Diese Art des Change-Managements, wie es in der Branchensprache heißt, also des Vorantreibens und Begleitens von Veränderungen, ist es wohl, die Merz für Wildberger vorgesehen hat: auch mal gegen etablierte Strukturen denken und keine Angst davor haben, wenn Menschen mit Politikerfahrung die Stirn runzeln oder den Kopf schütteln. Denn um ein neues Ministerium aufzubauen, wird Wildberger anderen Ressorts Kompetenzen abnehmen müssen. Und selbst wenn der neue Innenminister Dobrindt vielleicht nicht unglücklich darüber ist, die Verwaltungsdigitalisierung los zu sein, die nicht gerade ein Gewinnerthema ist – weniger Zuständigkeiten bedeuten auch weniger Budget und Personal und damit weniger Macht.

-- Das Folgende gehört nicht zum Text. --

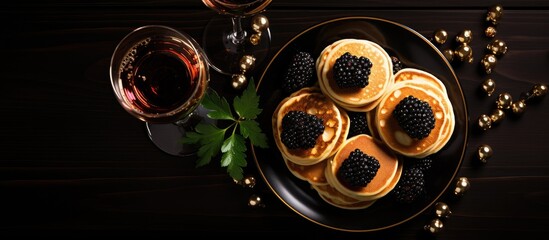 Top down view of mini pancakes champagne and black caviar With copyspace for text - obrazy, fototapety, plakaty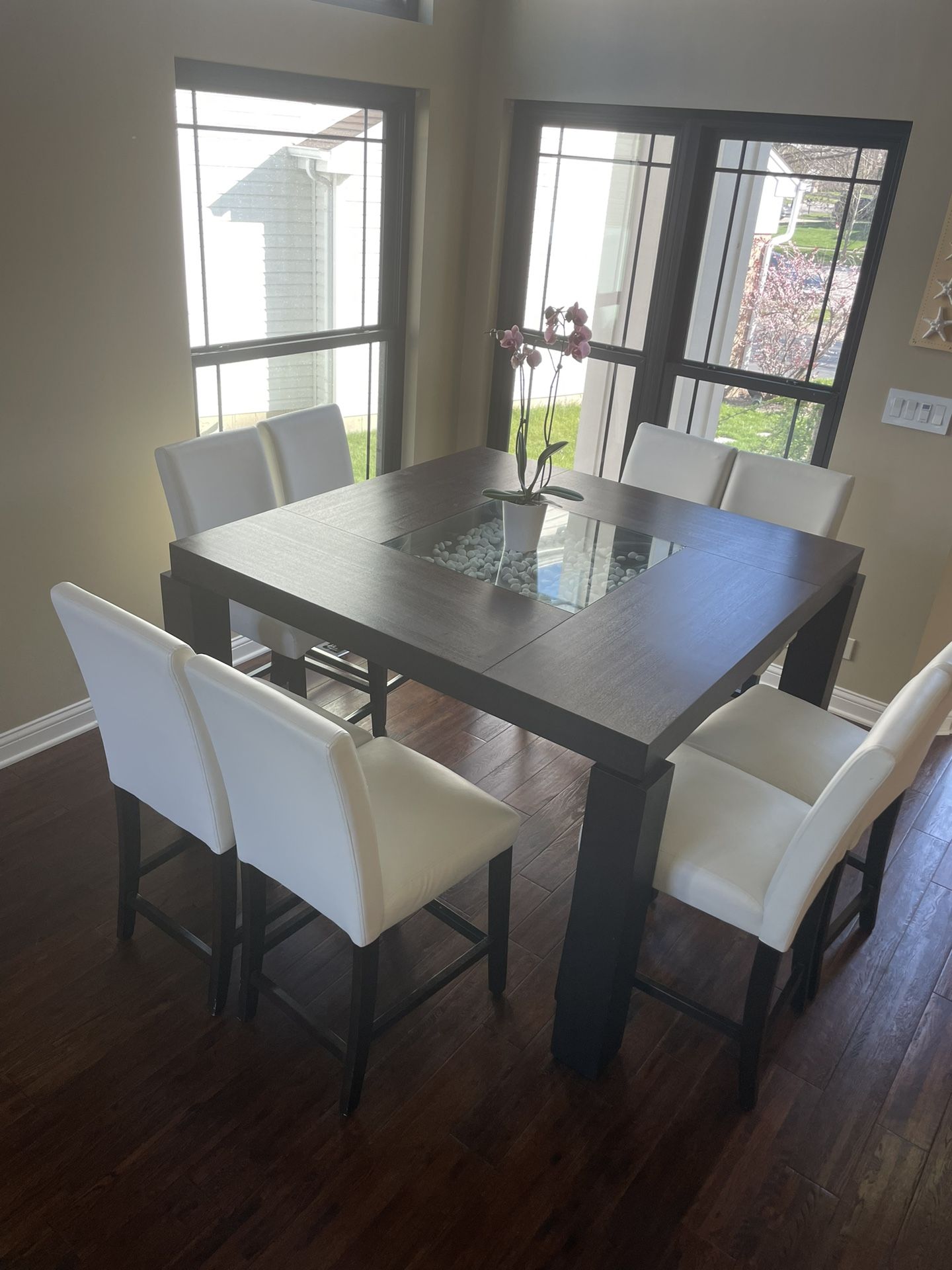 Contemporary High Table and 8 Leather Chairs.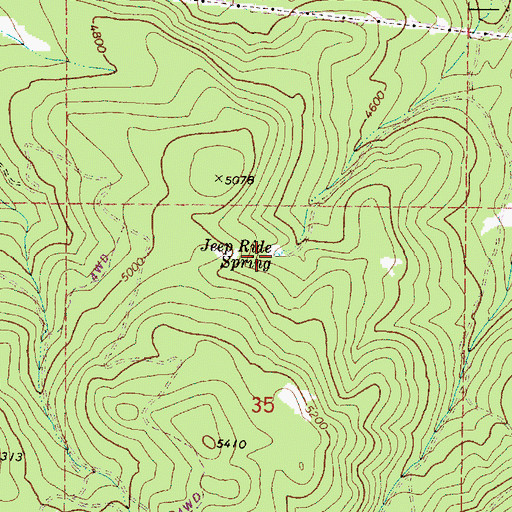 Topographic Map of Jeep Ride Spring, OR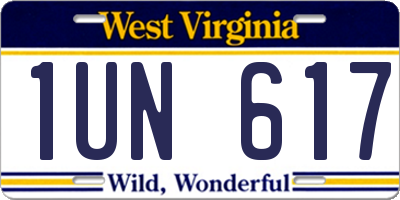 WV license plate 1UN617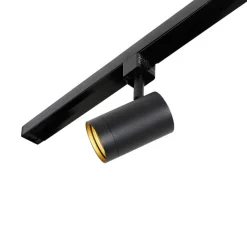 QAZQA Schlafzimmerlampen|Esszimmerlampen*1-Phasen-Schienensystem schwarz mit 4 Strahlern und I-Netzteil quadratisch - Jeana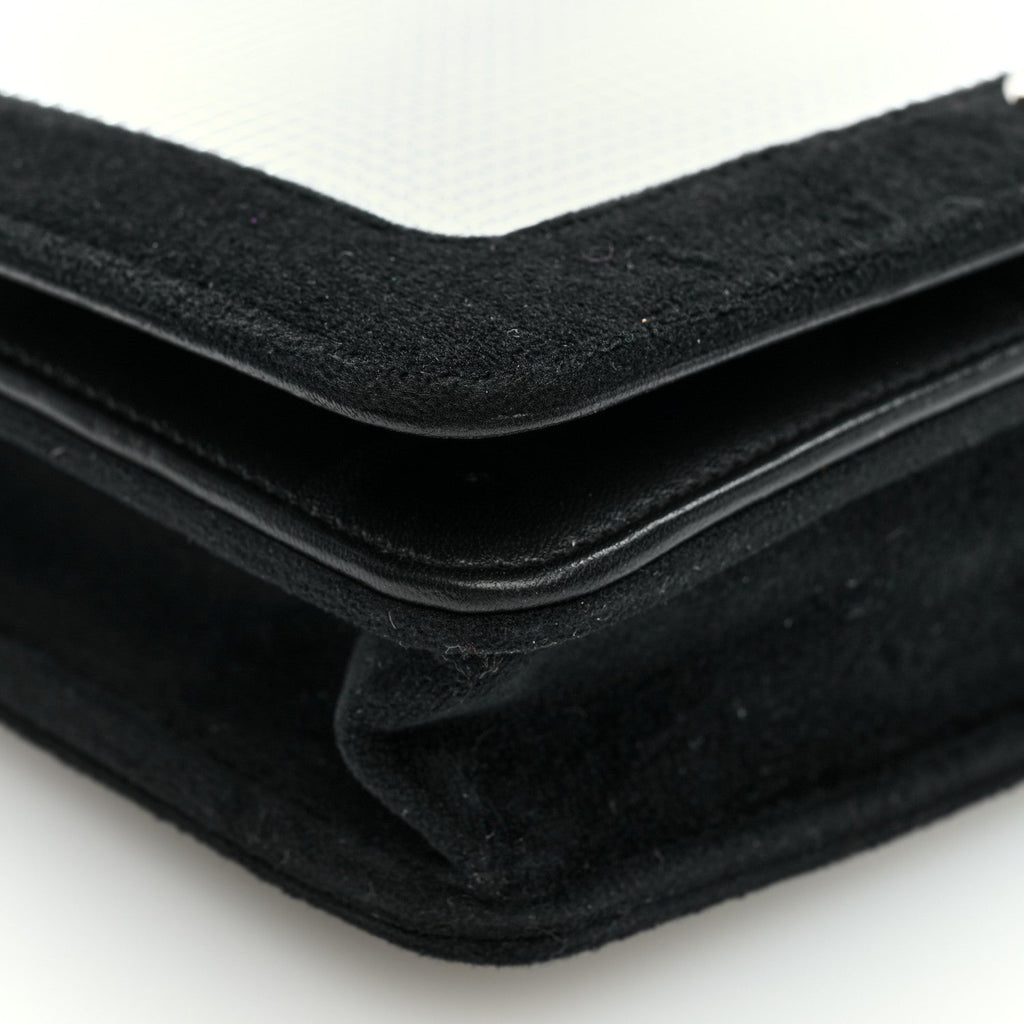 Velvet Mirror Embellished Boy Wallet On Chain WOC Argent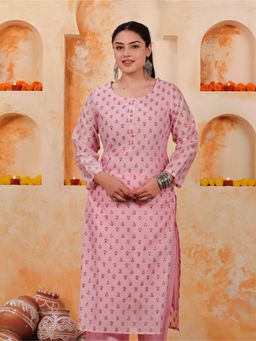 ARAMYA - Pink Chanderi Straight Gold Foil Print Kurta for Women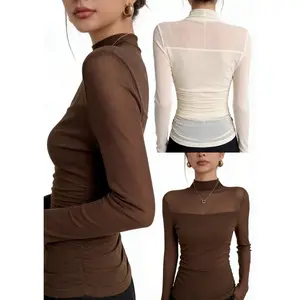 Women's Semi-High-Neck Mesh Blouse - Solid Color Sheer Top, Long Sleeve Round Neck Pullover, Fall/Winter Office Wear Soft Sheer Lace Blouse for Daily & Lounge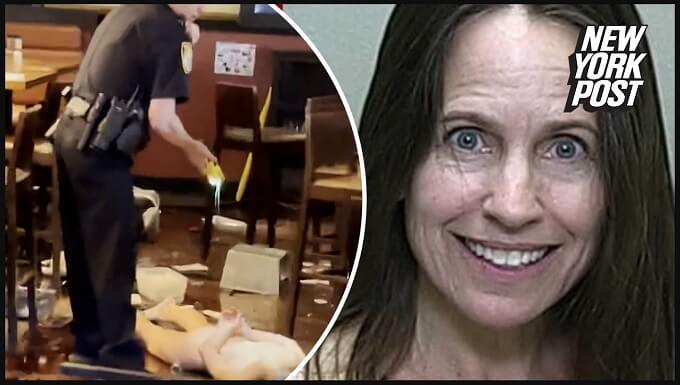 【閲覧注意】全裸でイキった女がレストランを破壊しまくる恐怖事件発生! マ●コもろ出しで警官とバトルを繰り広げ… 怒りの理由がヤバい=米の画像2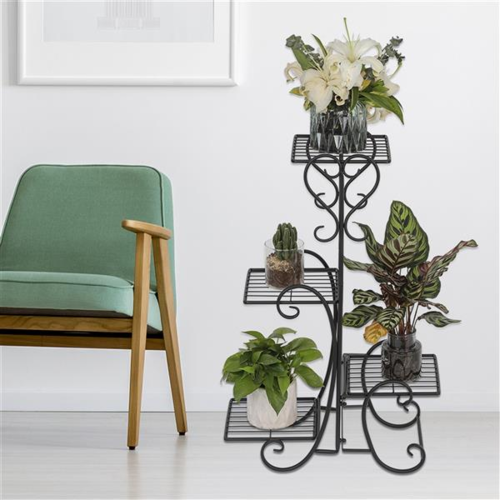 Vespera 4-Tier Black Metal Plant Display Stand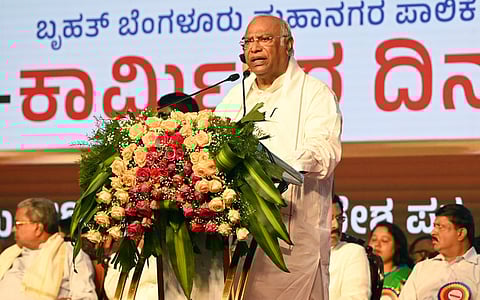 AICC President Mallikarjun Kharge during the Civil Workers' Day celebrations organized by the Bruhat Bengaluru Mahanagara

Christina Deckwirth, Lobbycontrol
Bürokratieabbau für Unternehmensinteressen
Karsten Wildberger ist nicht nur Unternehmer, sondern als Vizepräsident des Handelsverbands HDE auch Lobbyist. „Es ist fraglich, wie unabhängig Wildberger über Fragen der Digitalisierung und Staatsmodernisierung entscheiden kann“, sagt Christina Deckwirth. Zum Tragen komme das etwa beim Thema Bürokratieabbau. Denn neben der Digitalisierung bekommt das neue Ministerium auch den Bereich Staatsmodernisierung. Gerade Bürokratieabbau werde von Lobbyist:innen immer wieder als Argument verwendet, um den Interessen von Unternehmen gegenüber gesellschaftlichen Anliegen Vorrang zu geben.

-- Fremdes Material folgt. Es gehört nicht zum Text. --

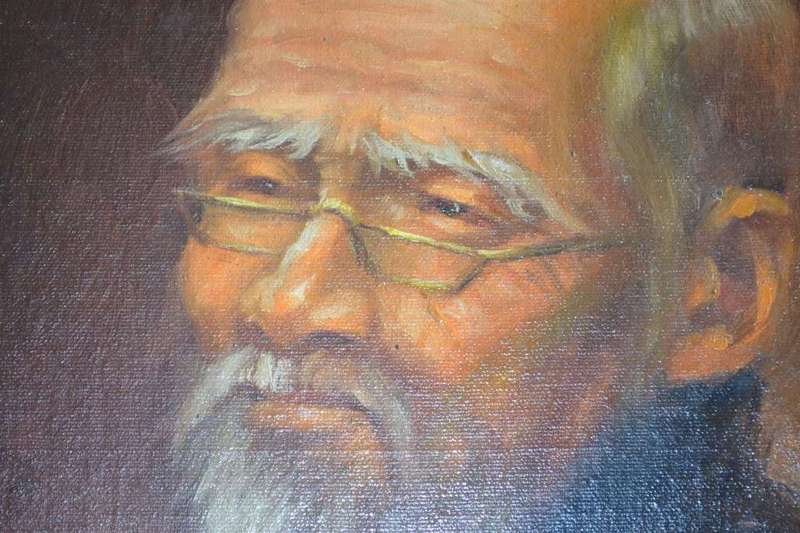 Original S.T. Wang Portrait of  a Man Smoking - Oil on canvas on Board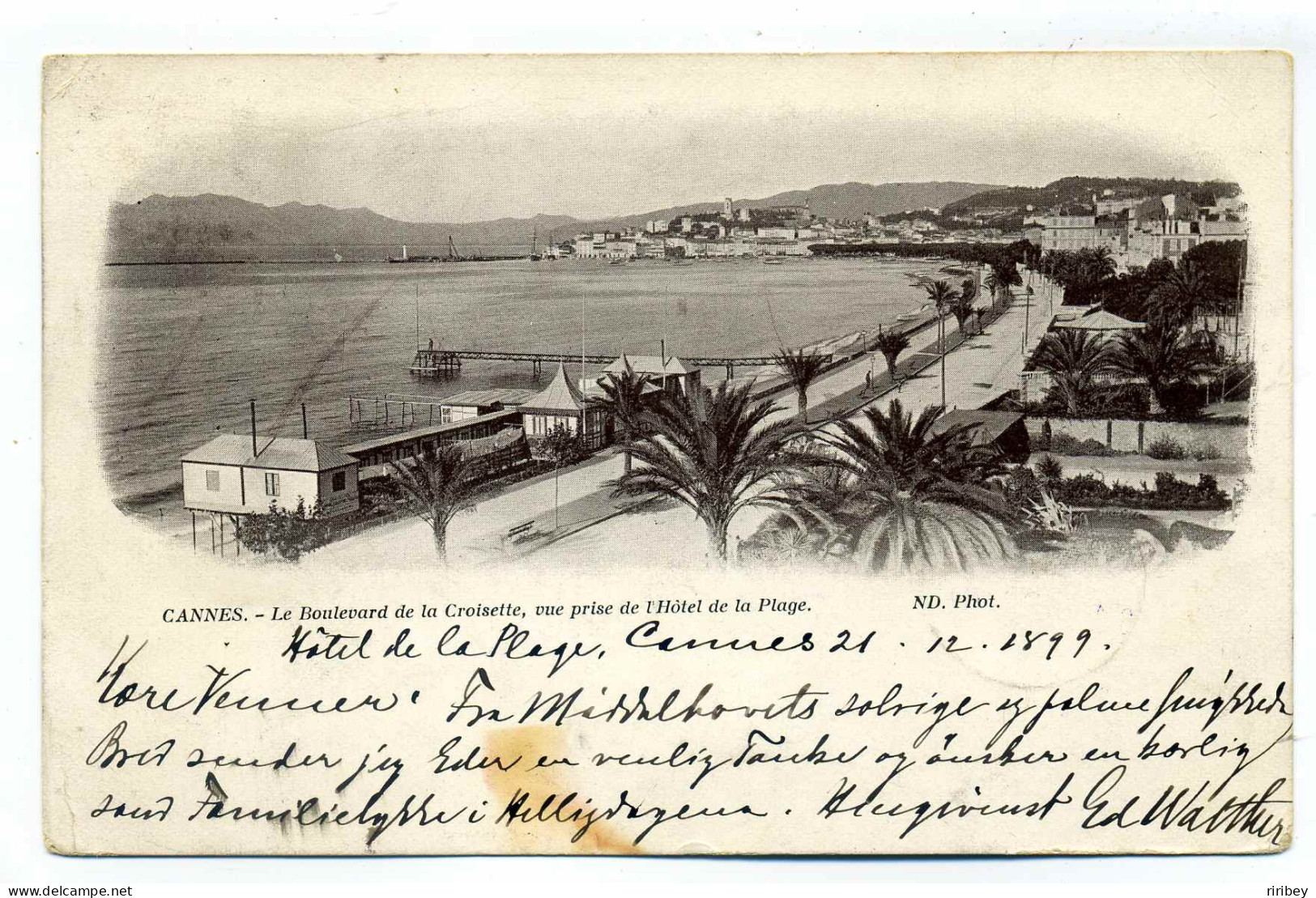 CANNES Pour ODENSE ( DANNEMARK )  / 1899 /  Sur CPA Croisette De Cannes - Ecrite De L'Hotel De La Plage  - 1877-1920: Periodo Semi Moderno
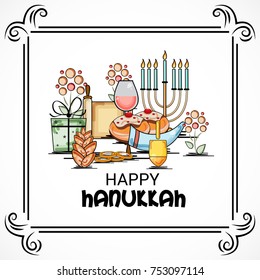 Vector illustration of a Background for Jewish Holiday Happy Hanukkah.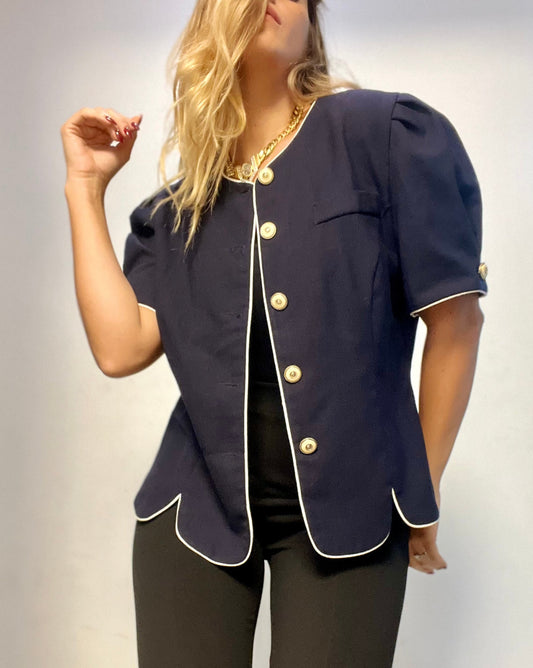 Dark-Blue Gold Buttons Vintage Blazer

Mit problematischen Verstrickungen bereits Schlagzeilen gemacht hat einer von Karsten Wildbergers möglichen zukünftigen Staatssekretären: Philipp Amthor. Er stand vor Jahren im Zentrum eines Lobbyismusskandals um die dubiose Firma Augustus Intelligence. Amthor ist wohl nachtragend: Nachdem der Skandal durch eine Anfrage nach dem Informationsfreiheitsgesetz (IFG) öffentlich geworden war, setzte sich Philipp Amthor nun in den Koalitionsverhandlungen dafür ein, das IFG abzuschaffen. Das Argument? Bürokratieabbau.